EU summit: V4 split over Ukraine
The European Union summit of March 19, 2026, clearly highlighted that the Visegrád cooperation can no longer be seen as a unified political bloc when it comes to the war in Ukraine. The meeting was dominated by a single issue: the roughly €90 billion EU loan package intended for Ukraine, which would have required unanimous approval – and ultimately failed due to Hungary’s veto.

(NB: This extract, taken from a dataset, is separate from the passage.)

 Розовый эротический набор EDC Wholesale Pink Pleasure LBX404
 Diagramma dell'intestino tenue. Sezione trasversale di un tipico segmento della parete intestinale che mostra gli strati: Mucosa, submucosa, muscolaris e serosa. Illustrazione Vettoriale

At the center of the conflict in Brussels was support for Ukraine and Budapest’s resistance. Prime Minister Viktor Orbán maintained his position blocking the €90 billion EU loan at the summit (despite having previously agreed to it in December), and made it clear that he would not support the package until the dispute with Ukraine over the Druzhba pipeline, which delivers Russian oil, is resolved. According to Reuters, EU leaders “voiced strong frustration” over Hungary continuing to obstruct the decision. The situation became so tense that several leaders described the veto as a move undermining EU unity.
This alone would have marked a serious rupture, but from the perspective of the V4, an even more important development was that the other three countries responded in entirely different ways. Poland and the Czech Republic clearly aligned themselves with the pro-Ukraine camp, consistently supporting both financial and military aid. This position is not new, but in the current situation it stood in particularly sharp contrast to Hungary’s stance.
Slovakia’s position is more complex and illustrates the internal fault lines within the region. It did not veto at the summit, so it did not formally block the decision, but neither did it fully align with the majority position, and it did not sign the joint declaration. According to the Associated Press, the common statement supporting Ukraine was ultimately backed by 25 member states, with Hungary and Slovakia left out. This “half-step” fits well with the policy of Robert Fico’s government, which is trying to balance domestic political considerations with EU expectations.
Moreover, Slovakia has moved in tandem with Hungary on several occasions in recent weeks. The two countries jointly pushed their position on Russian oil supplies and previously blocked a new EU sanctions package against Russia together. The root of the dispute is that both countries are heavily dependent on Russian crude delivered via the Druzhba pipeline, and any disruption poses direct economic and political risks for them.
This energy dependence is now directly shaping their Ukraine policy. According to international reports, Hungary – and to some extent Slovakia as well – has tied its support for Ukraine to the restoration of oil supplies, while Kyiv views the disruptions more as a consequence of Russian attacks. At the heart of the dispute is the fact that the Druzhba pipeline plays a crucial role in both countries’ energy supply, and any interruptions generate serious domestic political pressure – especially in Hungary amid the election campaign.
By contrast, Poland and Romania – another key regional player – clearly represent the EU’s hardline pro-Ukraine position. They not only support financial packages but also treat Ukraine’s stabilization and integration as a strategic priority. At the summit, they stood firmly with the majority, a stance that ultimately contributed to Hungary’s isolation. The March 19 summit thus was not simply another debate over Ukraine, but a kind of litmus test: it showed that political coordination within the V4 has effectively broken down on this issue. While the Visegrád group once often acted together in opposition to Brussels, the current situation reveals a reality in which countries from the same regional bloc are positioning themselves against each other on one of the EU’s most important strategic questions.